BRIEF: Copy word for word the lines in the records below, starting at the line with "A screenshot of" and ending at the line with "Autumn Fall Sunflower". Skip the pictures.

THE INPUT:
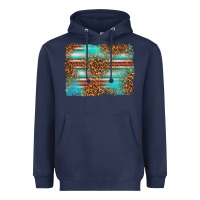 Navy Serape and Leopard Background Heavyweight Hoodie - texasbilliewilder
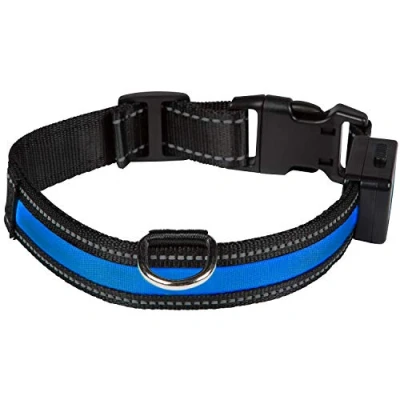 Image de EYENIMAL Collier Lumineux Rechargeable USB pour Chien Bleu 55 60 cm Taille L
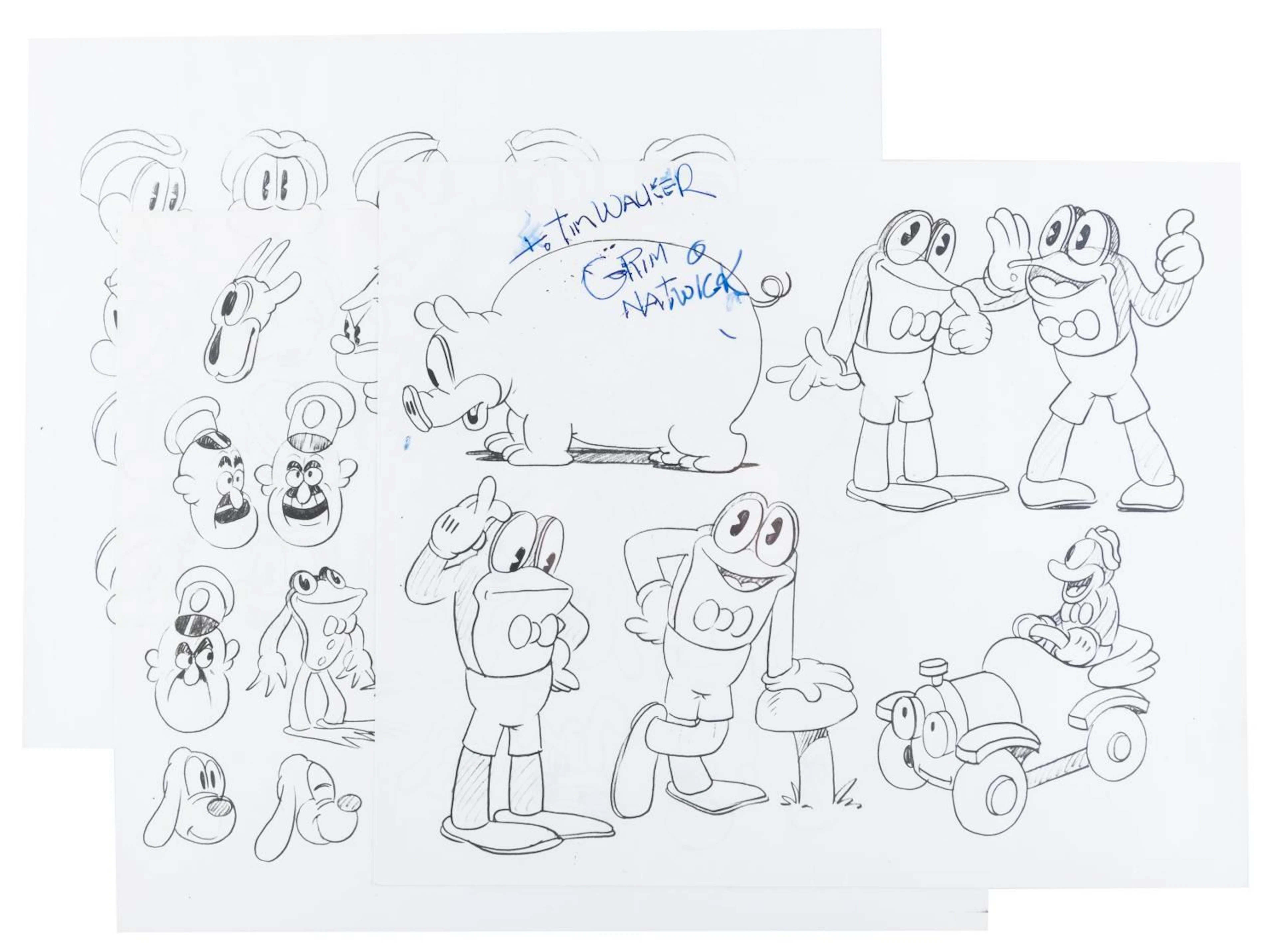 A Grim Natwick Signed Collection of "Flip the Frog" Model Sheets.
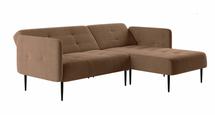 Диван-кровать Top concept Monaco диван-кровать с шезлонгом, с подлокотниками, бархат темно-коричневый 12 арт. 14123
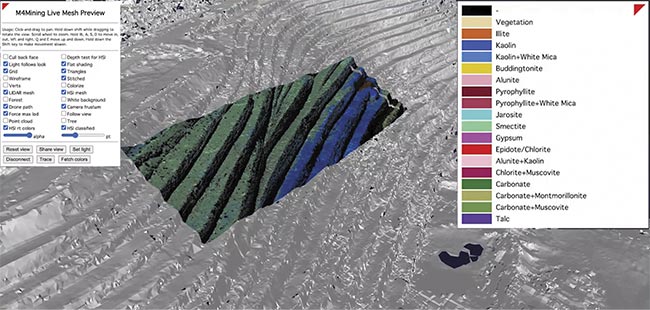 A screenshot of the 3D visualization software showing mineral maps of an open-pit mine in real time during flight. Courtesy of HySpex by NEO.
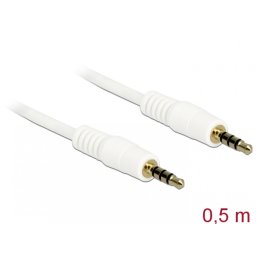 Cablu stereo jack 3.5mm 4 pini Alb T-T 0.5m, Delock 83439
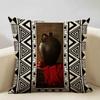 Geometric Cushion Cover Sofa Decorative Pillow Cover Home Living Room Ethnic Art Accessories 45x45cm Linen Double-sided Printing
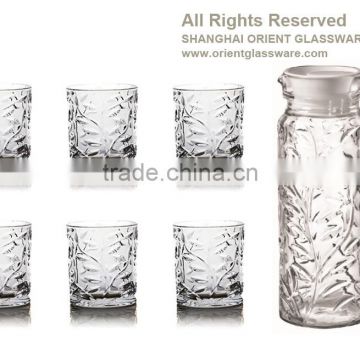 1000ml clear glass jug and 4pcs glass cup set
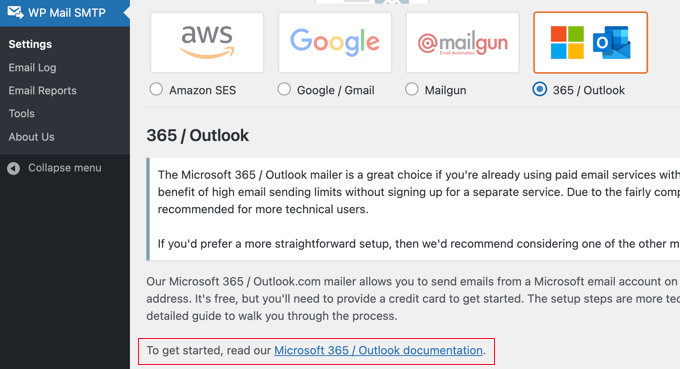 The documentation link for setting up Outlook in WP Mail SMTP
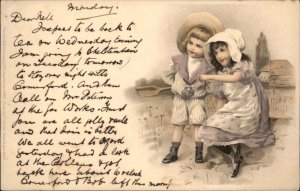 Meissner & Buch MSM Little Boy and Girl Colonial Fashion Vintage Postcard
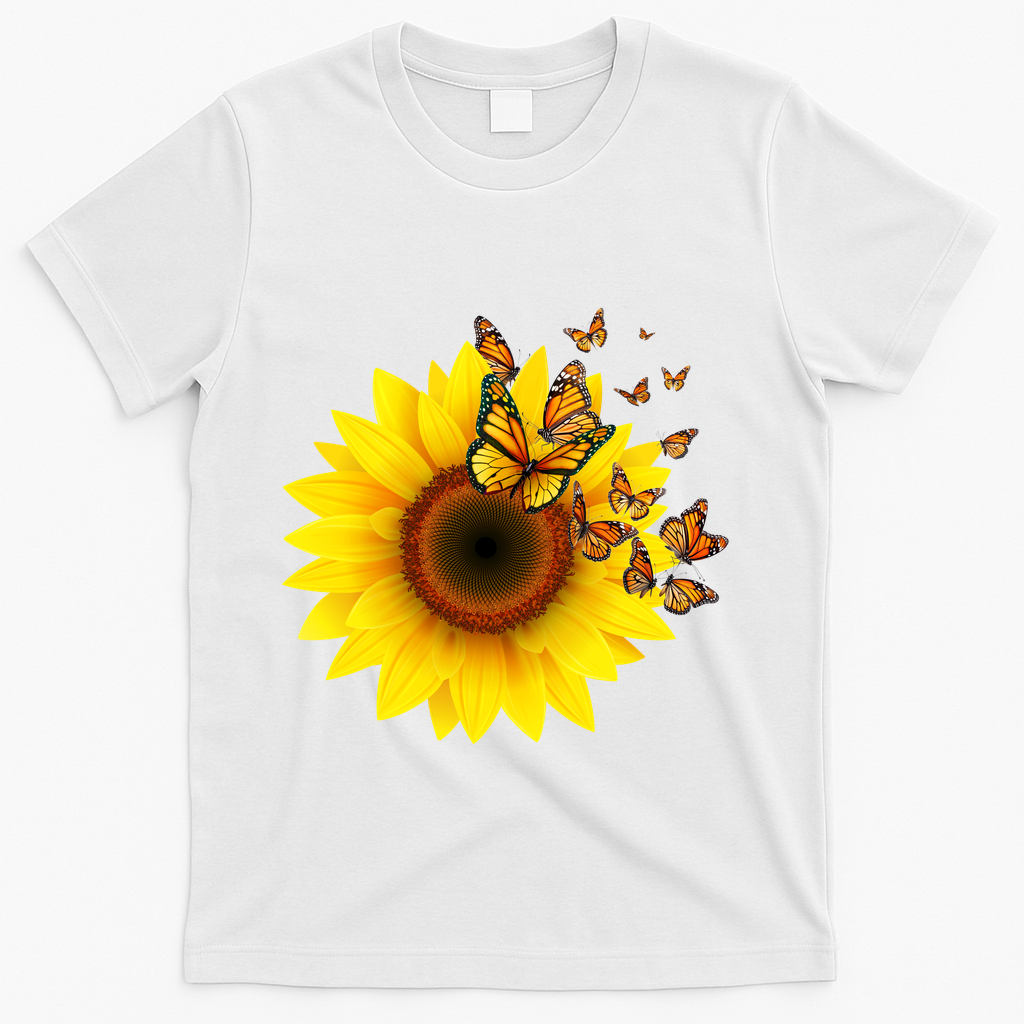 Autumn Fall Sunflower Butterflies T-Shirt - White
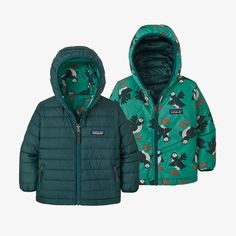 Reversible, lightweight, hooded jacket insulated with 600-fill-power 100% Recycled Down (duck and goose down reclaimed from down products) features a solid color on one side and print on the other. Keep them warm with the Baby Reversible Down Sweater Hoody. It has a lightweight, windproof polyester plain-weave print shell with high tear-strength and a DWR (durable water repellent) finish; it reverses to a contrasting solid made of polyester mini-ripstop fabric. Insulated with 600-fill-power 100% Patagonia Baby, Baby Patagonia, Puff Puff, Toddler Jacket, Baby Hoodie, Special Kids, 3rd Baby, Patagonia Jacket, Ripstop Fabric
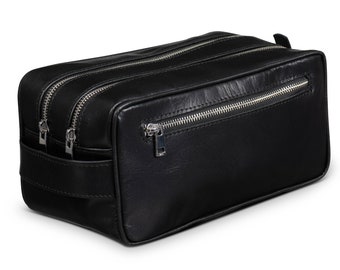 Personalized Leather Dopp Kit Bag, Dual Compartment Mens Toiletry Bag, Travel Case, Christmas Gifts For Him, Dad, Boyfriend, Groomsmen Gifts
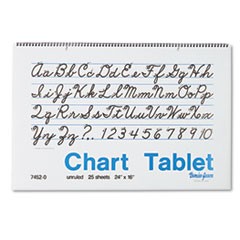 Chart Tablets, Unruled, 24 x 16, White, 25 Sheets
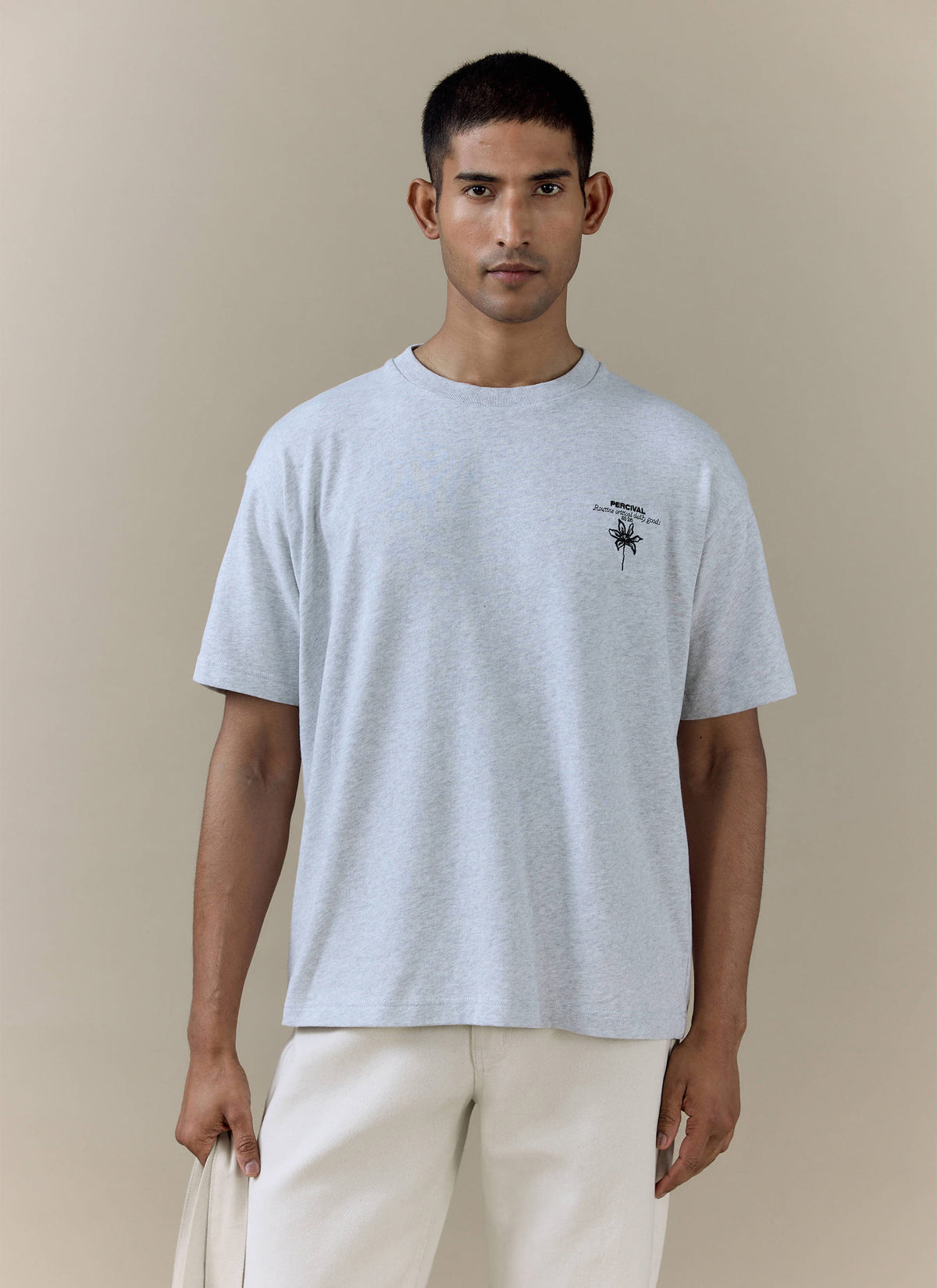 Men's Oversized T Shirt: Melvin - Cotton - Grey | Percival Popular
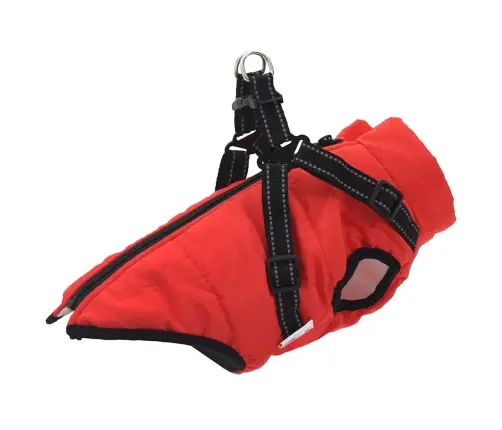 Šunų Kailis Su Diržais, Atsparus Vandeniui, Raudonas, L40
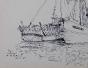 Etienne GAUDET - Original drawing - Ink - Boats in St Croix-de-Vie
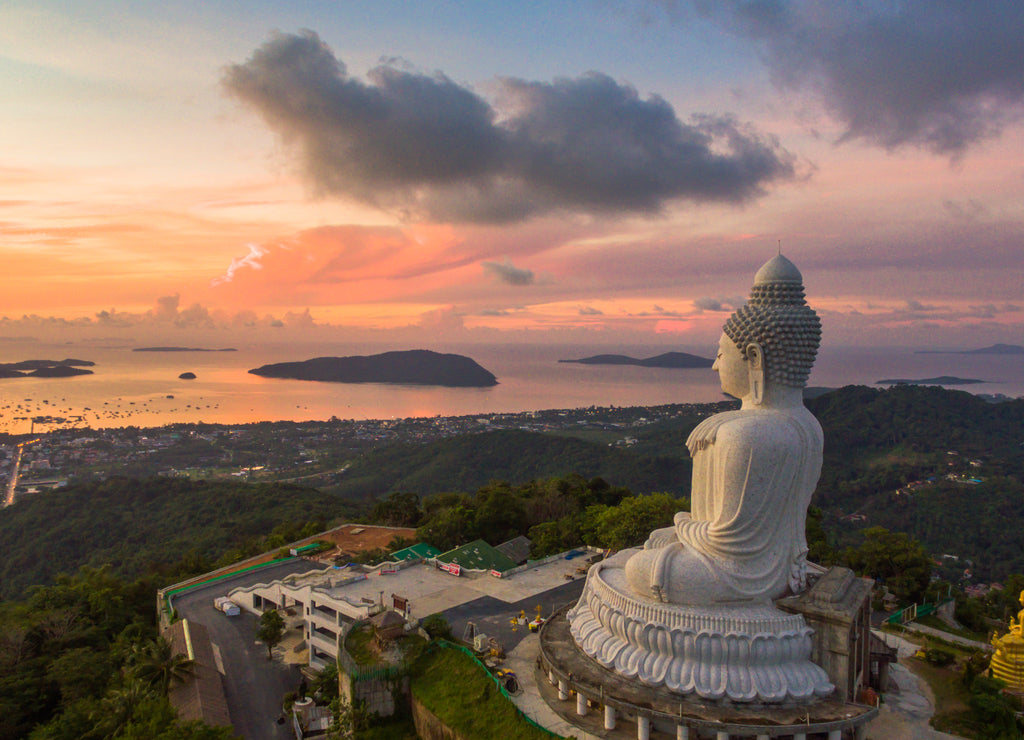 beautiful sunrise in front of Phuket big Buddha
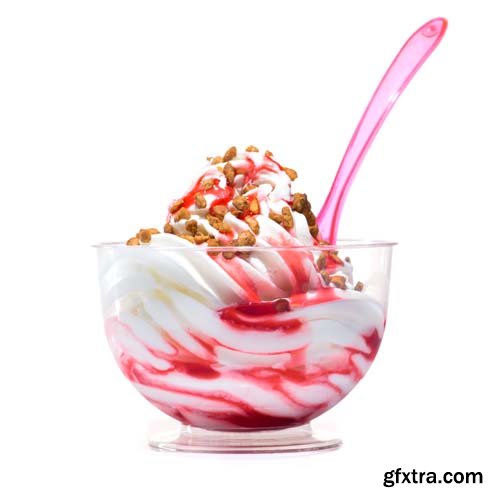 Photo - Tasty Raspberry Ice Cream Isolated - 5xJPGs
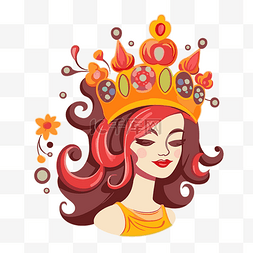 女王皇冠剪贴画 色彩缤纷的公主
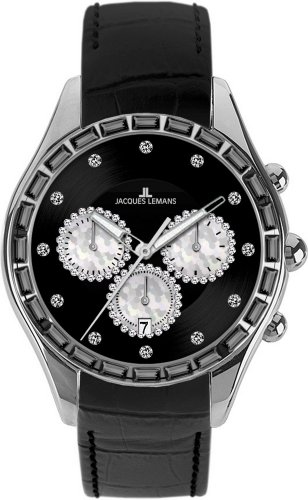 Jacques Lemans Damen-Armbanduhr Capri Analog Leder schwarz 1-1646A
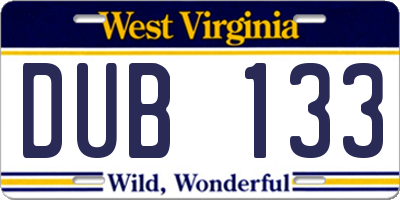 WV license plate DUB133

RESPONSE FOR THIS EXERCISE:
 A screenshot of the 3D visualization software showing mineral maps of an open-pit mine in real time during flight. Courtesy of HySpex by NEO.
 Cablu stereo jack 3.5mm 4 pini Alb T-T 0.5m, Delock 83439
 Geometric Cushion Cover Sofa Decorative Pillow Cover Home Living Room Ethnic Art Accessories 45x45cm Linen Double-sided Printing
 1000ml clear glass jug and 4pcs glass cup set
 The documentation link for setting up Outlook in WP Mail SMTP
 Meissner & Buch MSM Little Boy and Girl Colonial Fashion Vintage Postcard
 Autumn Fall Sunflower Butterflies T-Shirt - White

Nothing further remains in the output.